11:35 upgrade errand
11:36 master down
11:38 master up
11:38 worker nodes rolling upgrade starts, app read/write speed decreases to 0.2 reads/sec, 0.2 writes/sec
11:46 nodes upgrade done
11:55 errand finished
11:56 read/write speed resumes to around 500 reads/sec, 280 writes/sec), left running until target all reads(14400000) and writes(7200000) finish
00:22 7200000 writes done, 719998 records in the table. Sample from log:
Read: 475.31 ops/sec (2.10 ms/op), 2641092 total ops | Write: 0.00 ops/sec (0.00 ms/op), 720000 total ops | Uptime: 6346154 ms | maxWrittenKey: 719999 | maxGeneratedKey: 720000 |
01:04 Stop the app. Still 719998 records in the table.

Can I have some explanation about the observations above in terms of performance downgrade and records lost?

Thanks

hi @qshao:

Some quick questions:

  1. To confirm - when you say k8s rolling upgrade, this is an upgrade of k8s software rather than upgrade of YB software to newer release on a k8s cluster, correct?

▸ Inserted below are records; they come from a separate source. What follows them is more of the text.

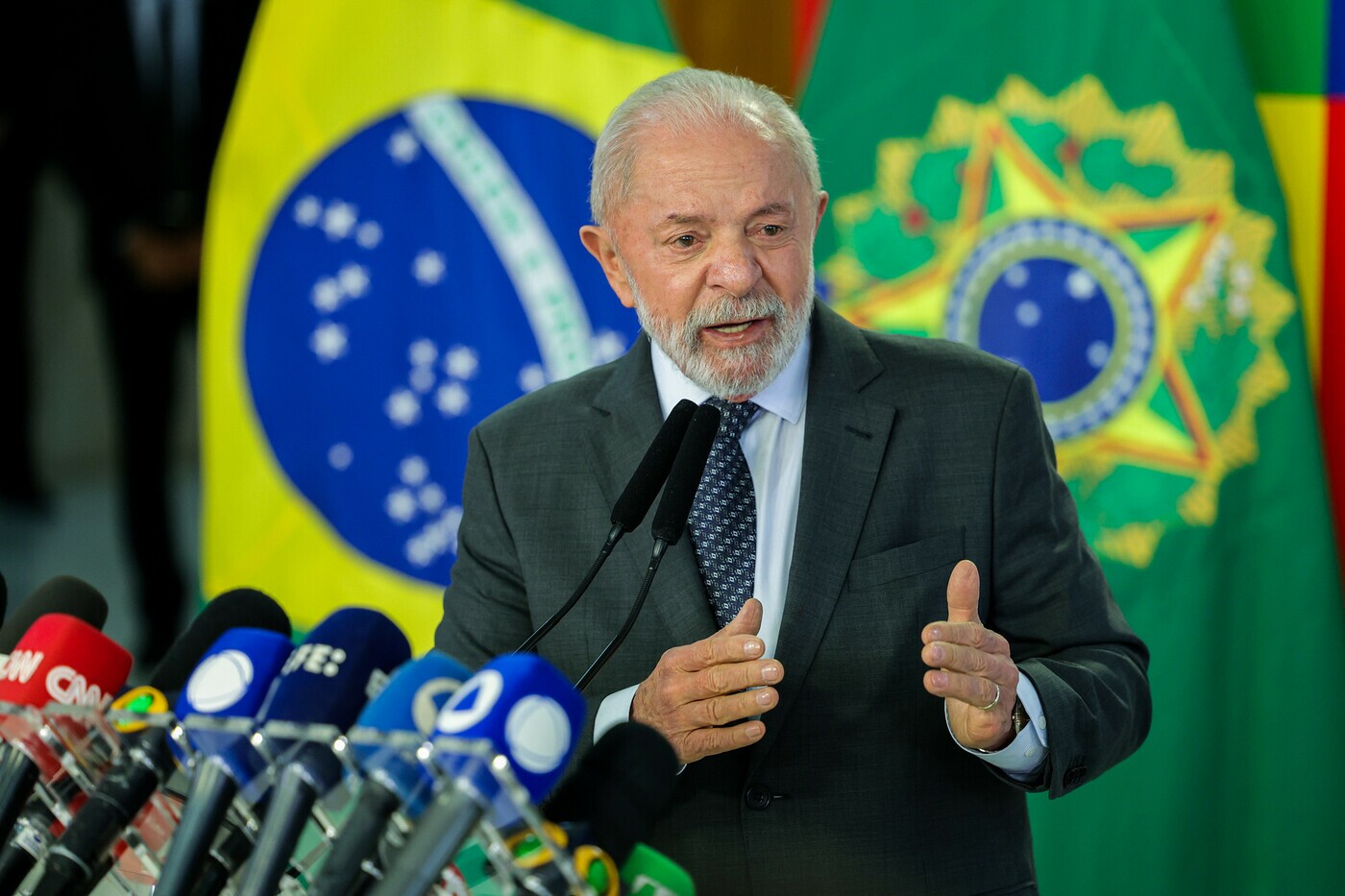 Brasília, (DF) 03/06/2025 - O presidente Luiz Inácio Lula da Silva, fala durante entrevista coletiva com jornalistas no Palácio do Planalto.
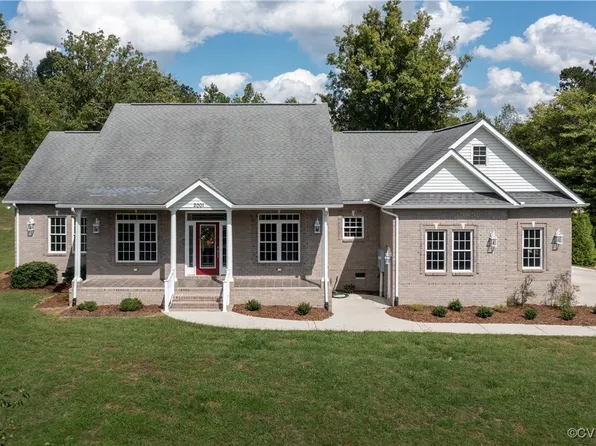 2001 Louise St, Farmville, VA 23901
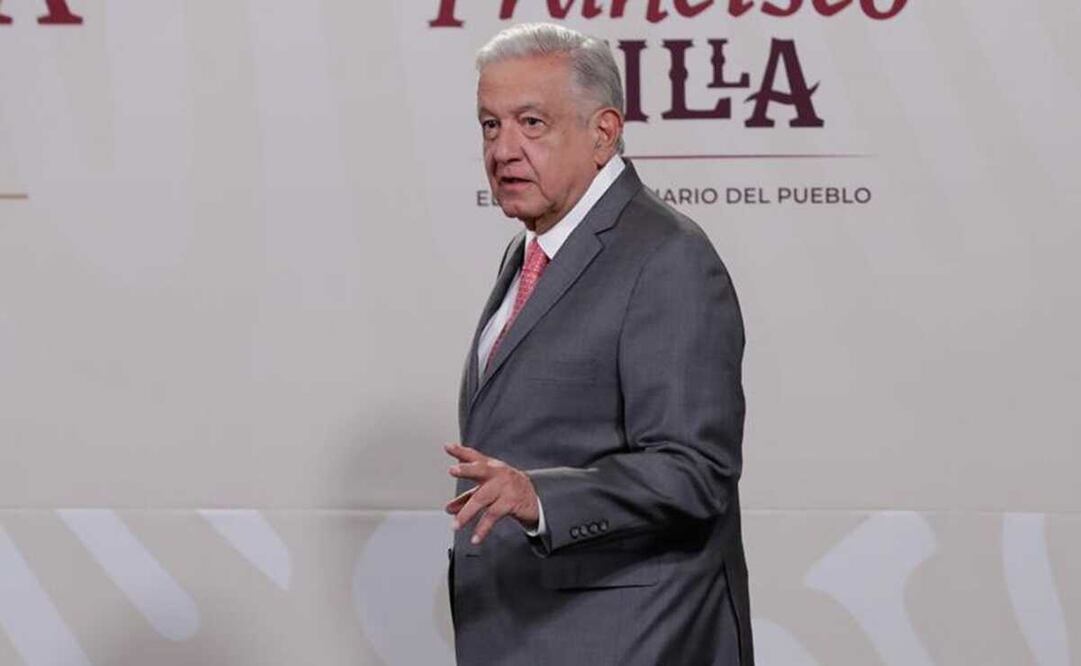 López Obrador admitió que no es fácil la ampliación de la carretera “porque es muy angosto el tramo”. Foto: Diego Simón Sánchez / EL UNIVERSAL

  2. Are you using anti-affinity where each yb-tserver is on a different VM/node and we don’t have multiple yb-tservers/yb-masters that are down during a roll of each k8s node?

regards,
Kannan

Hi @qshao,

One more question: what do you observe when one yb-tserver pod is restarted?

What we have seen is that if the nodes are restarted with enough of a time window in between the restarts, the app recovers gracefully.

Note that the ops/sec going lower is not a problem in real life, these ops will all succeed but will appear to have higher latency.

  1. Yes
  2. I used the enterprise version without specifying anti-affinity rules. But each pod does get scheduled on different k8s worker node both before and after upgrade

Yes all pods are rescheduled and restarted successfully.
Agree that the ops/sec decrease is not a problem. I’m concerned about the data loss/missing more. Not sure if it’s because YB itself or the error introduced by the app.

Updating this thread with the summary of an offline conversation.

Looks like there could be a window where all nodes could be offline in the case of a rolling restart of the underlying Kubernetes cluster.

@qshao mentioned it would be good to look at Pod Disruption Budgets, since (theoretically) it looks like it can protect the quorum better in the scenario of PKS cluster rolling upgrade. A key difference between rolling upgrades for updating a statefulset and upgrading the k8s cluster nodes is the following:

  • StatefulSets wait for the previous pod to be running before the next pod is upgraded/updated. This ensures that the quorum has at most one non-operational member at any point of time.
  • k8s nodes upgrade does not wait for the previous pod, resulting in multiple pods being down at the same time. So, if any pod has a longer startup time, there’s a chance of losing majority which could be the case if there is a workload running.